ComtesseDeSpair · 28/03/2022 12:12

A making it clear sex is important to him wouldn’t bother me. Surely this is the point of chatting and dating, working out whether you’re compatible. In a relationship, I like daily sex. If somebody is more a once a week kind of guy, we’re not going to be compatible and I think it’s best to get that out in the open rather than coyly avoid mentioning sex and our expectations around it.

HaggisBurger · 28/03/2022 12:12

Meet both. Quickly no endless messaging. For one coffee each. Date both too afterwards if you feel like both have possible potential. It doesn’t need to be massively overthought at this stage.

HaggisBurger · 28/03/2022 12:14

You won’t “let one down” - it’s OLD!! People date numerous people. That’s the point.

Momijin · 28/03/2022 12:26

Good grief woman, meet both of them!

Opentooffers · 28/03/2022 12:31

Is feeling like a queen important to you? Perhaps revise that notion, you should be aiming to feel like an equal not put on a pedestal fgs. The way you talk actually could explain why you might hit problems.
Maybe look at what you want out of a relationship, write down the non-negotiables if you need to, then hold firm to them. Then it's how you get on, plus attraction. There may be a bit of further enquiry needed to find out why B doesn't get on with his ex - especially if DC involved. There might be good reasons.
Don't chat too long before meeting - about a week. You don't want to be over-investing in someone you haven't met yet, so quit notions of letting anyone down when you haven't met.

dgirluk · 28/03/2022 12:40

You sound like me when I started OLD - I thought people I met were probably going to turn into an option for dating etc. I didn't realise that of the people you met, a teeny tiny fraction you felt a click with when you met them, were anything like their online profile, felt the same way about you, and you wanted to see more of them.

Just meet both!

Lampan · 28/03/2022 13:57

If you choose one and ‘let the other down’ you might find that you have ZERO chemistry with the one you have chosen. Then you may have missed the chance to meet the other one. Maybe meet one and then the other one the next night. Then you’re not spinning it out and can decide which to pursue.
I would find the mention of ‘intimacy’ gross though.

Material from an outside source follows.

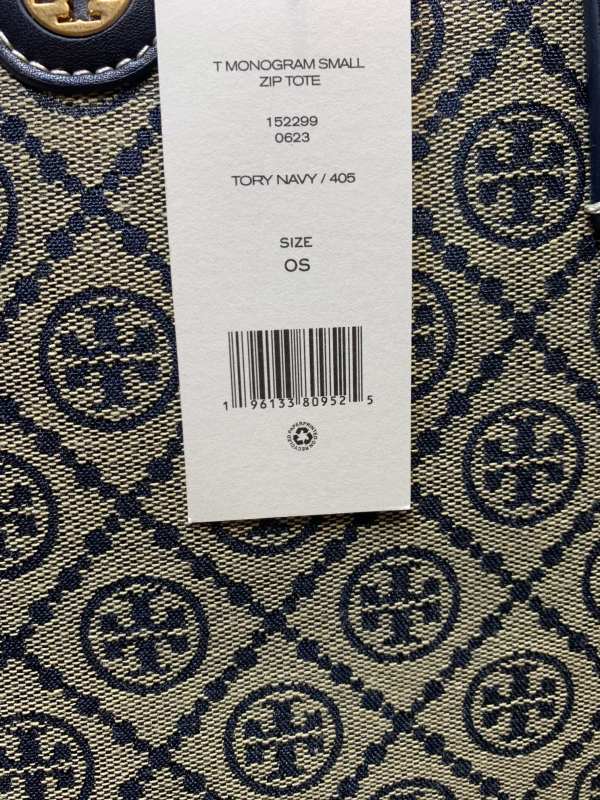 TORY BURCH T MONOGRAM Zipper Tote Bag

Surpriseparty1 · 28/03/2022 14:01

Yes, the mention of intimacy really put me off.. It's fair enough to lay that out after you've met but before is just Cringe

OP posts:
RoundGlass · 28/03/2022 14:18

I wouldn't be meeting Mr intimacy - yuck !

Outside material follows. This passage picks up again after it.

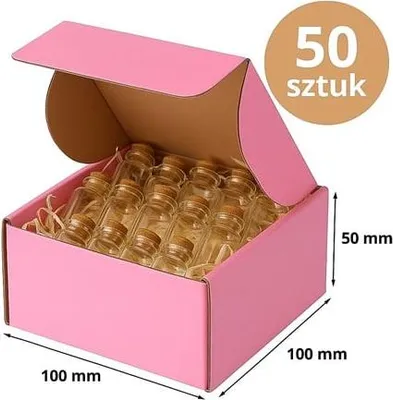 Obrázok produktu pre Kartón s výsekovou formou 100 x 100 x 50 mm vonkajšie rozmery Ružová – balenie po 50 ks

shssandhr · 28/03/2022 15:01

I guess I don't know which one to meet. I know people will say just meet both and see how it goes, but I don't want to do that and potentially may have to let one down. Again I appreciate they may not like me either.
Please don't tell me I'm over thinking things either, I just know I want to choose one and pursue that further, trouble is.. Which one

Help

No point me replying then as I was going to say you're overthinking this and you should meet both.

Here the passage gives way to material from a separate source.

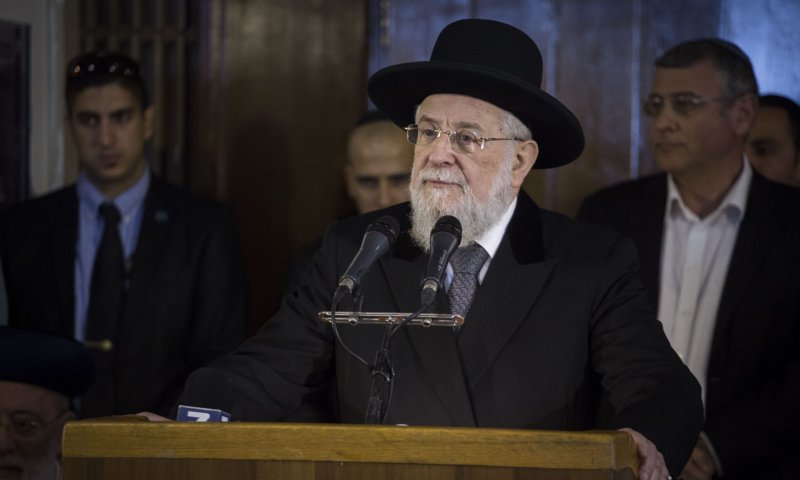 הרב לאו: "אני מרגיש מעולה, אין לי תסמינים"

Josette77 · 28/03/2022 17:32

I prefer people know sex is important to me ahead of time. I don't want to waste people's time otherwise. It's not an invitation to sleep with me, but it tells them this is important to me in a relationship.

Palavah · 28/03/2022 17:53

I also think you should meet both. If you're determined to meet only one then meet the one you've not already taken the ick at.

MostlyOk · 28/03/2022 18:04

This is like trying to decide which job offer you'll accept, before even going for an interview. You can't possibly know until you meet them both. You don't owe anything to either of them at this point so just meet up and see what happens.

PriestessofPing · 28/03/2022 18:09

You’ve made assumptions about
both before you’ve even laid eyes on them in person. Just meet both of them and see how you get on in person.

lonelySam · 28/03/2022 19:07

What? But online dating is not dating, it's getting to know people who you can meet in real life for coffe (max 30mins) to decide whether you want to have a proper date with them... Some of them will want to have a second date with you too.